Secondo quanto ampiamente ipotizzato dalla moderna scienza archeologica sulla base della quantità e della qualità di reperti ritrovati nel corso del '900, le prime forme di espressione artistica si sarebbero sviluppate in Europa circa 40000 anni fa, quando i primi uomini cominciarono a sentire il desiderio di esprimere in modo tangibile i propri sentimenti con oltre 36000 anni di anticipo sull'introduzione del primo sistema di scrittura cuneiforme, risalente ai Sumeri.
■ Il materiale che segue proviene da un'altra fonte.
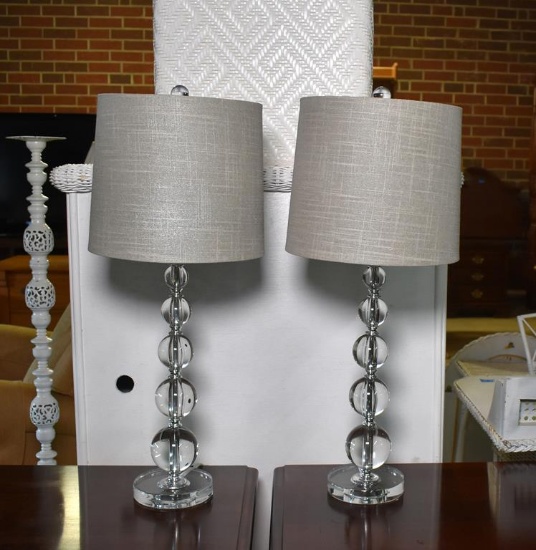 Pair of Contemporary Glass Table Lamps with Gray Shades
Dopo un mezzo secolo abbondante di orgoglio tutto europeo conseguito al ritrovamento dei preziosi murales spagnoli di El Castillo, la rivista Nature è recentemente giunta a mettere in discussione la prospettiva paradigmatica dell'archeologia contemporanea, datando alcune pitture rupestri ritrovate in Indonesia ad un periodo compreso tra i 39, 9 mila e i 17 mila anni fa e ponendo così le primordiali opere d'arte asiatiche su un piano di ideale contemporaneità rispetto alle più antiche varianti europee.
Il dipinto in questione, che ritrae una mano umana e un cinghiale primitivo ed è stato rinvenuto nei pressi di una grotta situata sull'isola indonesiana di Suwalesi, presenta numerose analogie con quelle ritrovate al El Castillo, sia da un punto di vista prettamente tecnico, sia per quanto riguarda la tipologia di soggetti raffigurati.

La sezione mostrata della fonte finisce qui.